Living with elephants: a respectful jeep encounter

Tissa Field TeamMay 10, 20266 min read

An elephant crossing the safari track at three metres is not a threat — if you understand the body language and keep the engine off.

There is a moment on every Sri Lankan safari when an elephant decides to use the road you are sitting on. Not as a confrontation — as a commute. The big matriarch comes out of the scrub thirty metres ahead, the herd follows in single file, and suddenly your jeep is a small obstacle in a much older traffic system.

Done well, this is the safest, most moving wildlife encounter you can have in this country. Done badly — engine revving, guests shouting, driver trying to reverse in a panic — it is dangerous for everyone, especially the elephants.

Lone Asian elephant walking head-on down a dusty park road

What the body is telling you

An elephant that is relaxed about your presence walks loose-limbed, ears flapping gently, trunk swinging. Calves stay near the legs of the cows. They will move slowly past you, sometimes pausing to pull a branch down or scratch on a tree, and they will not even look up.
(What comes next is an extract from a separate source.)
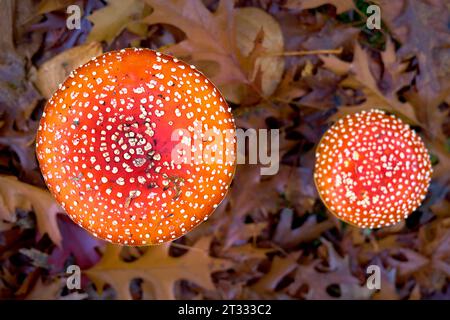 Wild Amanita Muscaria Pilze Von Oben. Rote Amanita Muscaria Pilze, die in der Wildnis wachsen. Stockfoto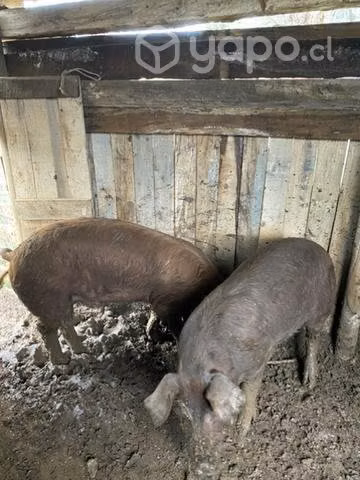 Chanchos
An elephant that is not relaxed will tell you. Ears flare wide and rigid. The trunk lifts and curls back. The head shakes. Sometimes a short, sharp mock-charge of three or four steps. Your job at that moment is to be small and still — not to drive away in a hurry, which only confirms that you are a threat worth chasing.

Tusker leading a family group of elephants across a green meadow at Kaudulla

Why the south is special

Yala, Bundala and Lunugamvehera are home to several hundred Sri Lankan elephants, a subspecies of the Asian elephant. Only about seven per cent of males carry tusks, which makes a sighting of a true tusker a memorable event. The big bulls drift between parks along old corridors — green ribbons of forest the herds have been using for centuries.

You are a guest on a road that was theirs first. Behave accordingly and they will let you stay.

Our standing rule on the jeep is simple. When elephants are near, engine off. Voices low. No flash, no sudden movement, no leaning out for the perfect shot. Almost every dangerous encounter you read about begins with a driver who broke one of those four rules.